I agree with Jags that 500 is on the low side.  At 500, the chimney still smokes.  

This is the first I've heard of the 600.  The manual advises against overfiring.  "If heater or chimney connector glows, you are overfiring." (page 4 of the manual)

I'm usually between 550 and 700, and it's easy to level out there.  No glowing at those temps.


----------



## oldspark (Dec 7, 2011)

I will have to look toninght but I am pretty sure I do not get smoke at even 400.


----------



## northwinds (Dec 7, 2011)

I need to reload now.  I'll then go outside and do some chimney staring.


----------



## oldspark (Dec 7, 2011)

Just went out and looked and some where around 400 to 450 stove top the chimney quit smoking and just had heat waves, I know these stoves are different in construction but I think 400 would be on the low side of good secondaries unless your stove a lot different than mine. This was with some silver maple and elm, I was surprised at the low amount of somoke at 300 stove top, the secondaries were firing good with the primary air wide open but wont do that as much with oak and white ash. Its amazing the different observations we have with all the variances of these stoves and chimneys. I still can not get the top end that most do.


----------



## northwinds (Dec 7, 2011)

I reloaded with a mix of oak, elm, and hickory.  At 525, smoke was greatly diminished, but I could still see a bit of gray smoke
against the gray sky.  At 550, I shut the air to half-closed, and no smoke whatsoever.  At 625, I went to almost closed and it 
just leveled off at 650--heat waves.  

I agree about variation in stoves and chimneys and wood.  There are general similarities, but everybody has to find their own 
sweet spot.  

If my memory is correct, the OP in this thread was experiencing the high temps even after putting on a pipe damper and with the
primary air totally closed.  If it's not draft, it has to be a leak somewhere.  

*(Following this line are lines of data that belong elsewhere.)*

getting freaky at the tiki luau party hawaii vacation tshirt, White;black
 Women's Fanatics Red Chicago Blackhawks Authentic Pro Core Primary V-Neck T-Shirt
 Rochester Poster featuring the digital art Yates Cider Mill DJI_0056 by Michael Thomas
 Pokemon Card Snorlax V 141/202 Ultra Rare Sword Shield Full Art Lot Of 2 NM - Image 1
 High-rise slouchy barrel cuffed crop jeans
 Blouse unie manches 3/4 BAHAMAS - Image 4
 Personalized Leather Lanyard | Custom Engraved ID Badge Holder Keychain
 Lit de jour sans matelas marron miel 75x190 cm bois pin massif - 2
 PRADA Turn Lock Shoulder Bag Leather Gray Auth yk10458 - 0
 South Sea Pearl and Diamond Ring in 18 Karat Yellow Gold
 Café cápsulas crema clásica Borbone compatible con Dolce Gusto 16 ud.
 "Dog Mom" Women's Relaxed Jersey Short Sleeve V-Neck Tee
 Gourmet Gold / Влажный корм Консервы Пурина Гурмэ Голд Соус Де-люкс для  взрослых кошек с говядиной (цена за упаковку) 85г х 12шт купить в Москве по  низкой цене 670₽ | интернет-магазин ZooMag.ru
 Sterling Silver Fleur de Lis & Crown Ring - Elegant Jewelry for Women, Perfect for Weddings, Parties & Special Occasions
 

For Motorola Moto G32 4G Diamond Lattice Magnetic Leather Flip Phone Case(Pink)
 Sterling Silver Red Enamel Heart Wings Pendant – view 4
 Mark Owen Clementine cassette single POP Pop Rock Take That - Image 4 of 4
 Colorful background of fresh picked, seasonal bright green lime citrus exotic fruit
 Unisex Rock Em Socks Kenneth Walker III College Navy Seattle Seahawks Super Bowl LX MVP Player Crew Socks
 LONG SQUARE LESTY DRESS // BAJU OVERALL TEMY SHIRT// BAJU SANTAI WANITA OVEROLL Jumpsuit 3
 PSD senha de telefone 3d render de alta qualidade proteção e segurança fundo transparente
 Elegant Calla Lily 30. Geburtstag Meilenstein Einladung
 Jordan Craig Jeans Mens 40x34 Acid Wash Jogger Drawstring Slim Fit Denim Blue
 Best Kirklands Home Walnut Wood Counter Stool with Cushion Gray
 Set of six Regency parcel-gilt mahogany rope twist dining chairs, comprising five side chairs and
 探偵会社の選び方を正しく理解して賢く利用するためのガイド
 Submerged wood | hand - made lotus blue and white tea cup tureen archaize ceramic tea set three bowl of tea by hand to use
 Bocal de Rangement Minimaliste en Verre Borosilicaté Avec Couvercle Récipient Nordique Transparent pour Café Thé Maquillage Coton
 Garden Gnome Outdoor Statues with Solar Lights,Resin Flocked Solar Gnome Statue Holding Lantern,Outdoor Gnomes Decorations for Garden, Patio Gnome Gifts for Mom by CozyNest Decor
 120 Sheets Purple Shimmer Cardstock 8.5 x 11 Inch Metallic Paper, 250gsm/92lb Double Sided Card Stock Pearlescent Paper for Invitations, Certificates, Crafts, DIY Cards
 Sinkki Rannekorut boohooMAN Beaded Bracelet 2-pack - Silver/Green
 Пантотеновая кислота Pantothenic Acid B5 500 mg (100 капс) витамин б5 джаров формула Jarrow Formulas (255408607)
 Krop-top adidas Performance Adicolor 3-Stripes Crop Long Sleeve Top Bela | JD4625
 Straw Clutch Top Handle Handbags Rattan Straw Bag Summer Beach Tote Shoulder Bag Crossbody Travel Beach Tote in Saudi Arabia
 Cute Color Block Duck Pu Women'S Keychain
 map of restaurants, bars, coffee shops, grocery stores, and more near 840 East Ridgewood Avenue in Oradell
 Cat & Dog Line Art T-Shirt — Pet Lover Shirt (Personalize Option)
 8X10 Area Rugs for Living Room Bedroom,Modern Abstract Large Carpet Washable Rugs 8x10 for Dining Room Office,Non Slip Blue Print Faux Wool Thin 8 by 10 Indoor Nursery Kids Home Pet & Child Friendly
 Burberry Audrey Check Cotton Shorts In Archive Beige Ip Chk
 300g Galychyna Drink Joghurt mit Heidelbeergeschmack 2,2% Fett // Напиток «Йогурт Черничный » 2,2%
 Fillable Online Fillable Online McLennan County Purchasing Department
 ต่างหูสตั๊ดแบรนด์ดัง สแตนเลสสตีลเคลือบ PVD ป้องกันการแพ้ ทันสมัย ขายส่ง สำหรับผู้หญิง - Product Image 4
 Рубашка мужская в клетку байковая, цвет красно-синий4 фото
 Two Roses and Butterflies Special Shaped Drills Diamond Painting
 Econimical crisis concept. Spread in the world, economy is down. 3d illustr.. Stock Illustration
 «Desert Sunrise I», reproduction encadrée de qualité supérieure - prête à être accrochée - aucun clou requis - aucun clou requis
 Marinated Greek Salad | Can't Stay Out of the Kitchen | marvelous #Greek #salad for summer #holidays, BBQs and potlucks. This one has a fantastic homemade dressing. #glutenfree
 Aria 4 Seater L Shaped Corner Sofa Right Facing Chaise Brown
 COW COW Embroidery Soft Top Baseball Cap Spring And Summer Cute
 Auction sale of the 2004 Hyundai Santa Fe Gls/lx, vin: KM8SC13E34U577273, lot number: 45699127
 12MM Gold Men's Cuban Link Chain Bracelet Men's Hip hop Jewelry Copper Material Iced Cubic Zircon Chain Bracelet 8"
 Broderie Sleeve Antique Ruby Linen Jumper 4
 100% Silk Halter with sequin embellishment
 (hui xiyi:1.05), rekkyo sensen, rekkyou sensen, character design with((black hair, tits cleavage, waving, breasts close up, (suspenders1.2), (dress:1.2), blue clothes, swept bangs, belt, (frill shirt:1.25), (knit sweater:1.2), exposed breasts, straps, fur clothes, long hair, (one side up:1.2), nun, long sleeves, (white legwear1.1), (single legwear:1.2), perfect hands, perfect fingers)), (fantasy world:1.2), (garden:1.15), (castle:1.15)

It's a good night for wood heat.  Heading down to 17 degrees tonight.


----------



## chadihman (Dec 7, 2011)

I'm curious to know what every ones temps are on your stove pipe compared to top of the stove temp. I measure pipe temp 18" above my stove and my pipe temp never goes over 375 deg. It usually hangs at 325-350 deg when the top of the stove is at 700-750. Has anyone ever overheated a Isle Royale or had the secondary tubes glowing? My stove constantly goes to 750 pushing to 800 when I pack my stove. I start the fire and let it climb to 350 then shut it down completely and the climbs to 750 800 after an hour or so. My fire box is filled with dancing flames and the wood is consumed quickly. I have tested both my thermometers against a Infrared gun and found that both pipe and stove top thermometers are within +/- 25 deg. I hear a quiet whistle when I close the air control. Is this normal


----------



## northwinds (Dec 8, 2011)

I have a probe thermometer for the stovepipe, and temps rise to 800-900 when the stovetop is rising to 550-600.
After the air is shut down, the pipe temp drops below the stovetop temp.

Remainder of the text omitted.